Jesus (to the disabled man): Are you here in this place hoping to be healed?

Disabled Man: 7 Kind Sir, I wait, like all of these people, for the waters to stir; but I cannot walk. If I am to be healed in the waters, someone must carry me into the pool. Without a helping hand, someone else beats me to the water’s edge each time it is stirred.

Jesus: 8 Stand up, carry your mat, and walk.

9 At the moment Jesus uttered these words, a healing energy coursed through the man and returned life to his limbs—he stood and walked for the first time in 38 years. But this was the Sabbath Day; and any work, including carrying a mat, was prohibited on this day.

Jewish Leaders (to the man who had been healed): 10 Must you be reminded that it is the Sabbath? You are not allowed to carry your mat today!

Formerly Disabled Man: 11 The man who healed me gave me specific instructions to carry my mat and go.

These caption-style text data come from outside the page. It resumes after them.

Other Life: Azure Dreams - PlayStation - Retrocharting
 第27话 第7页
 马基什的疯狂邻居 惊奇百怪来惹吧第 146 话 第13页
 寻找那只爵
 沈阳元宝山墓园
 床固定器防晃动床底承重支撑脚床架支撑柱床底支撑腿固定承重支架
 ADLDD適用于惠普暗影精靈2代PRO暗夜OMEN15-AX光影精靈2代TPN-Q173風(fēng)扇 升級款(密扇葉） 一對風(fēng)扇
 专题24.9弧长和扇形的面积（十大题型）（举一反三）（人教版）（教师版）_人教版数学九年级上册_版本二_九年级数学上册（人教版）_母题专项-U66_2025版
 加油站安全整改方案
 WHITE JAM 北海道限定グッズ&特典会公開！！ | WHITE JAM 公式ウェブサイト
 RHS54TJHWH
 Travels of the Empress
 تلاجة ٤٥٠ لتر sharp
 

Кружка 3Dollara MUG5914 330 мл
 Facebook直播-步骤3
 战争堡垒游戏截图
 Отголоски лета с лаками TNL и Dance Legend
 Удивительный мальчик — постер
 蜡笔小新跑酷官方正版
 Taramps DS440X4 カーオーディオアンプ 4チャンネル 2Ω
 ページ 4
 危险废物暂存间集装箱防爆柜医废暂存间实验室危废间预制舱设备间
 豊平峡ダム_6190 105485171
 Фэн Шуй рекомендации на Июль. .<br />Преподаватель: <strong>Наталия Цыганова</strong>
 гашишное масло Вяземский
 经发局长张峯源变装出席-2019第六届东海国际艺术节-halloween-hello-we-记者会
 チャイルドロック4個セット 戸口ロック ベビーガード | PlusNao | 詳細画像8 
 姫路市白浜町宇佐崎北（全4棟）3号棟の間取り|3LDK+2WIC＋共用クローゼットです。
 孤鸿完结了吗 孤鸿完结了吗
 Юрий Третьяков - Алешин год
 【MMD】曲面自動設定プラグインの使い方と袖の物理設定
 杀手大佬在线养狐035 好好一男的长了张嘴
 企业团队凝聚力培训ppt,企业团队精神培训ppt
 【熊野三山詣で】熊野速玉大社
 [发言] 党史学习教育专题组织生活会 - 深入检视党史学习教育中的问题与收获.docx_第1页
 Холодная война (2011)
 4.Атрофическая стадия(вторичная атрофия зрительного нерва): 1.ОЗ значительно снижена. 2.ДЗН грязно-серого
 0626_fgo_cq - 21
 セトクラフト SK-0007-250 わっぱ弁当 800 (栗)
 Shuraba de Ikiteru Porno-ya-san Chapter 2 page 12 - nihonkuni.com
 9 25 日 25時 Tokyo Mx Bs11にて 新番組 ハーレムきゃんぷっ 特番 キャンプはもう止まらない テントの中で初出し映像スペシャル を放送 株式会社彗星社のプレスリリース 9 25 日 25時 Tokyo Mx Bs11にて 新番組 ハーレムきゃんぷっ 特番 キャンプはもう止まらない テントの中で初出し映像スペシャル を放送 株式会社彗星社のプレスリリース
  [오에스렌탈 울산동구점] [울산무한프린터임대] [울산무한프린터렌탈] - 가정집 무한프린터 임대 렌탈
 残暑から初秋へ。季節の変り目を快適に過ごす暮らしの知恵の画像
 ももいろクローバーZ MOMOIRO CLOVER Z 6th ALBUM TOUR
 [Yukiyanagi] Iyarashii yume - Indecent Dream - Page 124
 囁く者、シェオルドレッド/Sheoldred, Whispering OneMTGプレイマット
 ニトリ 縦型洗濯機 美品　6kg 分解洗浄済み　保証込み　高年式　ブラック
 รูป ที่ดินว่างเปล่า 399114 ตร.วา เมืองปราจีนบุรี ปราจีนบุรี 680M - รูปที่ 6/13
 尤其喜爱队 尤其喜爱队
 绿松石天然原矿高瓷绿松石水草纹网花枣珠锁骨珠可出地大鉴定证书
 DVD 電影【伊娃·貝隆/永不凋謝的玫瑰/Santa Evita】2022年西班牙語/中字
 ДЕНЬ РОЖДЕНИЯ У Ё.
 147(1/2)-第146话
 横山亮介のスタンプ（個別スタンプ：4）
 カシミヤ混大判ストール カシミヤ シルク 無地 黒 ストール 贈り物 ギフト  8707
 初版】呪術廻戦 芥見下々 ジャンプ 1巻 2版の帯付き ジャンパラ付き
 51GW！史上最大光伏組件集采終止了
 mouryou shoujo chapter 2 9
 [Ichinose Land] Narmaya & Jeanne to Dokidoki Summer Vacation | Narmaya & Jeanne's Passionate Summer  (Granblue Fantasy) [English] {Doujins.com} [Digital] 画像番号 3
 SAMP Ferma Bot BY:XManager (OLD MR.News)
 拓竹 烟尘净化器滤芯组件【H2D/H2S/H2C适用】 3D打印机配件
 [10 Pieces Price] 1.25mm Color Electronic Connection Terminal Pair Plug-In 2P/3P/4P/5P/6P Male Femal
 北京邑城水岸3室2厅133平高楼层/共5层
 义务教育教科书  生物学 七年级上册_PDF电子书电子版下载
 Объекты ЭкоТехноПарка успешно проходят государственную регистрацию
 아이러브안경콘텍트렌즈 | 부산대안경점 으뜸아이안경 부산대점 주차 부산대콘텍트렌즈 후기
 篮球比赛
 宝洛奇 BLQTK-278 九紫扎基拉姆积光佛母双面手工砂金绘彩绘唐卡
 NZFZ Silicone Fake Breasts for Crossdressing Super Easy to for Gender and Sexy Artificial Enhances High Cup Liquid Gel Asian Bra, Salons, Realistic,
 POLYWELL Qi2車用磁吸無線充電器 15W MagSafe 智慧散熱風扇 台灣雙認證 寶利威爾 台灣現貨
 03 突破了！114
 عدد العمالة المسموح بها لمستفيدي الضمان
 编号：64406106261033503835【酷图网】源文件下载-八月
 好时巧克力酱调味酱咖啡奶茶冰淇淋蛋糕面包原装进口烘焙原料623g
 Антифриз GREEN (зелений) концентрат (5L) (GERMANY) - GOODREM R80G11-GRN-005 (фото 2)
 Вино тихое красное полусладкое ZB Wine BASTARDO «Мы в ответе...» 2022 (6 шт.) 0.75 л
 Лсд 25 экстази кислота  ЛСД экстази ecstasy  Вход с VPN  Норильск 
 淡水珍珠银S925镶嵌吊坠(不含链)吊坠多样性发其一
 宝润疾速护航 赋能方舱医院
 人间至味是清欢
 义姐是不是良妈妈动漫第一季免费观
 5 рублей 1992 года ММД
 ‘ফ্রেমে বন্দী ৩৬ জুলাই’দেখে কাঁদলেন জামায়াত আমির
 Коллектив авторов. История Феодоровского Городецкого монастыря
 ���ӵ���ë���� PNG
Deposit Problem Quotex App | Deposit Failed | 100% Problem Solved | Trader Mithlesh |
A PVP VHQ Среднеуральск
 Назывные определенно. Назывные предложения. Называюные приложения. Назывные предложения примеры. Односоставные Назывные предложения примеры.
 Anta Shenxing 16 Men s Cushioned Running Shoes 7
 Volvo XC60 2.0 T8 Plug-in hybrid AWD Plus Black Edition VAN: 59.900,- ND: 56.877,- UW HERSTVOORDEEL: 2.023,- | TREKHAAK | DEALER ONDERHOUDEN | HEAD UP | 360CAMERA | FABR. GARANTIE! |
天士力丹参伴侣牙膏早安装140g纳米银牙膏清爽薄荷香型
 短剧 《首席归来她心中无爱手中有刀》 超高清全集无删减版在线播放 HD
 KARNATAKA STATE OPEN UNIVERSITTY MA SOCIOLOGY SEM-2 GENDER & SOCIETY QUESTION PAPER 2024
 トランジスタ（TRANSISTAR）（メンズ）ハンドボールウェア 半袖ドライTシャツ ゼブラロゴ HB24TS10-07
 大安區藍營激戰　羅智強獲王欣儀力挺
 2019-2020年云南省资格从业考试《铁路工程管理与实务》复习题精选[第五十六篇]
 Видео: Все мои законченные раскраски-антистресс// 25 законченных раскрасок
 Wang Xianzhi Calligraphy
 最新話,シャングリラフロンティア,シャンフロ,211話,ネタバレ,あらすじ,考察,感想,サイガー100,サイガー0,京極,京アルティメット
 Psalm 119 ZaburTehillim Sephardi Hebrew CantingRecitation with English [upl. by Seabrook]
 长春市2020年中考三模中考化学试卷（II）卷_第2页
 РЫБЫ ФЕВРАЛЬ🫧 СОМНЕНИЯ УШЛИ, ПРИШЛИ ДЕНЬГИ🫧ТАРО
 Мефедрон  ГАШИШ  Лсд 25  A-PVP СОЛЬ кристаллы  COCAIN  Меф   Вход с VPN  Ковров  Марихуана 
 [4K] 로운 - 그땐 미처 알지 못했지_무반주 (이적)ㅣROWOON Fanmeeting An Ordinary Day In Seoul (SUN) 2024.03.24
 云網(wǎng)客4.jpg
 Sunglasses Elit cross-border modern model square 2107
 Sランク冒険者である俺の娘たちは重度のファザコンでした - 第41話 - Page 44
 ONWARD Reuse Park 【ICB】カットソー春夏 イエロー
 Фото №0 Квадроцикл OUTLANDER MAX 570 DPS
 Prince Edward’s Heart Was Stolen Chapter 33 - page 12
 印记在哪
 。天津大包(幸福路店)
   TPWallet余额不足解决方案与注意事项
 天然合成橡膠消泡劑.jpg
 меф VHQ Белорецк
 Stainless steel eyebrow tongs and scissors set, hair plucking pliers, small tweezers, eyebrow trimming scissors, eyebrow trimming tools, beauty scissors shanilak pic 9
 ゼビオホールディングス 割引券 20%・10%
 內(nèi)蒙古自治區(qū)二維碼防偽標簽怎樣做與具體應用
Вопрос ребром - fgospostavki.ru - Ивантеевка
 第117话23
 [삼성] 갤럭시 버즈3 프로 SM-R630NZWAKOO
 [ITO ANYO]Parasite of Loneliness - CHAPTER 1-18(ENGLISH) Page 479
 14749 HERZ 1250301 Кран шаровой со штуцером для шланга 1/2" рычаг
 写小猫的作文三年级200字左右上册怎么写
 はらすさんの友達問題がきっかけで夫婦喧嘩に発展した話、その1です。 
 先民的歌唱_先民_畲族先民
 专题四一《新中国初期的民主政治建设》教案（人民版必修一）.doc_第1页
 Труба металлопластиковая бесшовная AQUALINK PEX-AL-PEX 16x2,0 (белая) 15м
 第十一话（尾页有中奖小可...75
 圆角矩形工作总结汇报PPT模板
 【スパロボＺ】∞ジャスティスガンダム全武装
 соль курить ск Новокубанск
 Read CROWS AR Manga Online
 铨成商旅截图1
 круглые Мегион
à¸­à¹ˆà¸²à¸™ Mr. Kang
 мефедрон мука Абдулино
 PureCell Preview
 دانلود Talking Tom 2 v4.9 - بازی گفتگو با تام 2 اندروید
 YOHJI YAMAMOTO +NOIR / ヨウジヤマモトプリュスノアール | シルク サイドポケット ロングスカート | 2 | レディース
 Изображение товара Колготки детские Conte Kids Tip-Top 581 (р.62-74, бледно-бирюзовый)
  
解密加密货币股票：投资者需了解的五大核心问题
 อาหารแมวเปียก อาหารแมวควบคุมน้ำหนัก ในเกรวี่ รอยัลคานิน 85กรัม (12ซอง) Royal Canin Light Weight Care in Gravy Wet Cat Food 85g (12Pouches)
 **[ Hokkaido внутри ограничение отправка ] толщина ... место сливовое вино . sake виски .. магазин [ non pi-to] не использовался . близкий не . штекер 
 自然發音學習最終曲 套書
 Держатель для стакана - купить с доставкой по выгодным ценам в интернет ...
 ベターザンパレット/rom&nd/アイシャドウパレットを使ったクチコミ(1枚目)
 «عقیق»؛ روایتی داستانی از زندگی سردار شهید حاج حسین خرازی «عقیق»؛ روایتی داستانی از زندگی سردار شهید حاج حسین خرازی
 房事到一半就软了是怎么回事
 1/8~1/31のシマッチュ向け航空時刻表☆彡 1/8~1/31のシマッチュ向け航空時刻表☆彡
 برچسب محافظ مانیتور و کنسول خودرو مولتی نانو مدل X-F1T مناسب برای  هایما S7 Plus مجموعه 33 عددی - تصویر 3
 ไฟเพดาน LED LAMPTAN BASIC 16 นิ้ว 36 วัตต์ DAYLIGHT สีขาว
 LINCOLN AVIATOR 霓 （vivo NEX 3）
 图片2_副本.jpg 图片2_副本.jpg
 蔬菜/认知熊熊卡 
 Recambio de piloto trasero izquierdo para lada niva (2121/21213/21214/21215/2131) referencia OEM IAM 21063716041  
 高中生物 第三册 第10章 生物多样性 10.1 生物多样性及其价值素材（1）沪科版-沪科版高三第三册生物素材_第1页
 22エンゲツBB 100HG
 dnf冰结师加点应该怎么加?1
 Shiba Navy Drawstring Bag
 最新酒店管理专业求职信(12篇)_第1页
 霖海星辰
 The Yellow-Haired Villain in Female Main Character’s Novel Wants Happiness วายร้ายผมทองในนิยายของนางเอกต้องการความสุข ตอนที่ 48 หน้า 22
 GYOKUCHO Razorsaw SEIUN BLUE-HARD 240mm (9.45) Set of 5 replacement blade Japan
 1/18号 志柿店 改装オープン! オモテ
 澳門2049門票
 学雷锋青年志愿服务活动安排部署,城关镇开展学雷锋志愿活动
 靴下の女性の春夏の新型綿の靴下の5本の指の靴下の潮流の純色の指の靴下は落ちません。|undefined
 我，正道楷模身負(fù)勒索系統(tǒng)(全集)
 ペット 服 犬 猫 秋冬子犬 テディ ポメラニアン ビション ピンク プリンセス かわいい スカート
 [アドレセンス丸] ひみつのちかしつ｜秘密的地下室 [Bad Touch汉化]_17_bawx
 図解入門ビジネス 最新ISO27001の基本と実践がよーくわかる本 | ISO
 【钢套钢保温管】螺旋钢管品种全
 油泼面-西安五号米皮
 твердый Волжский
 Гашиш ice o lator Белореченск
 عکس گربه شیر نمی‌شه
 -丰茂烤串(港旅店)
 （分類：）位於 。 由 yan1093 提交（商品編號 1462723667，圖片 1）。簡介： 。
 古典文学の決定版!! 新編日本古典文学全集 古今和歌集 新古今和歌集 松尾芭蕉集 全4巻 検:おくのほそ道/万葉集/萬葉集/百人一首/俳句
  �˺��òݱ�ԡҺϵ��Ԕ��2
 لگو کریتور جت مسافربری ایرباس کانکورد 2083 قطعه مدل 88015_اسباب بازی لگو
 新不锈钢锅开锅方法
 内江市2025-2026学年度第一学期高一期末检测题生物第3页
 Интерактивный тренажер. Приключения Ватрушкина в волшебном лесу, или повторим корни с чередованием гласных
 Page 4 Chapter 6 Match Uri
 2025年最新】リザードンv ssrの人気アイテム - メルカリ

Jewish Leaders: 12 Who is the man who gave you these instructions? How can we identify Him?

13 The man genuinely did not know who it was that healed him. In the midst of the crowd and the excitement of his renewed health, Jesus had slipped away. 14 Some time later, Jesus found him in the temple and again spoke to him.

Jesus: Take a look at your body; it has been made whole and strong. So avoid a life of sin, or else a calamity greater than any disability may befall you.

15 The man went immediately to tell the Jewish leaders that Jesus was the mysterious healer. 16 So they began pursuing and attacking Jesus because He performed these miracles on the Sabbath.

Jesus (to His attackers): 17 My Father is at work. So I, too, am working.

18 He was justifying the importance of His work on the Sabbath, claiming God as His Father in ways that suggested He was equal to God. These pious religious leaders sought an opportunity to kill Jesus, and these words fueled their hatred.

Prayer:  Lord, thank you for asking me questions to stir my faith for a move of the Spirit.  I will pick up my mat and follow you into greater wholeness.  In Jesus’ name.  Amen.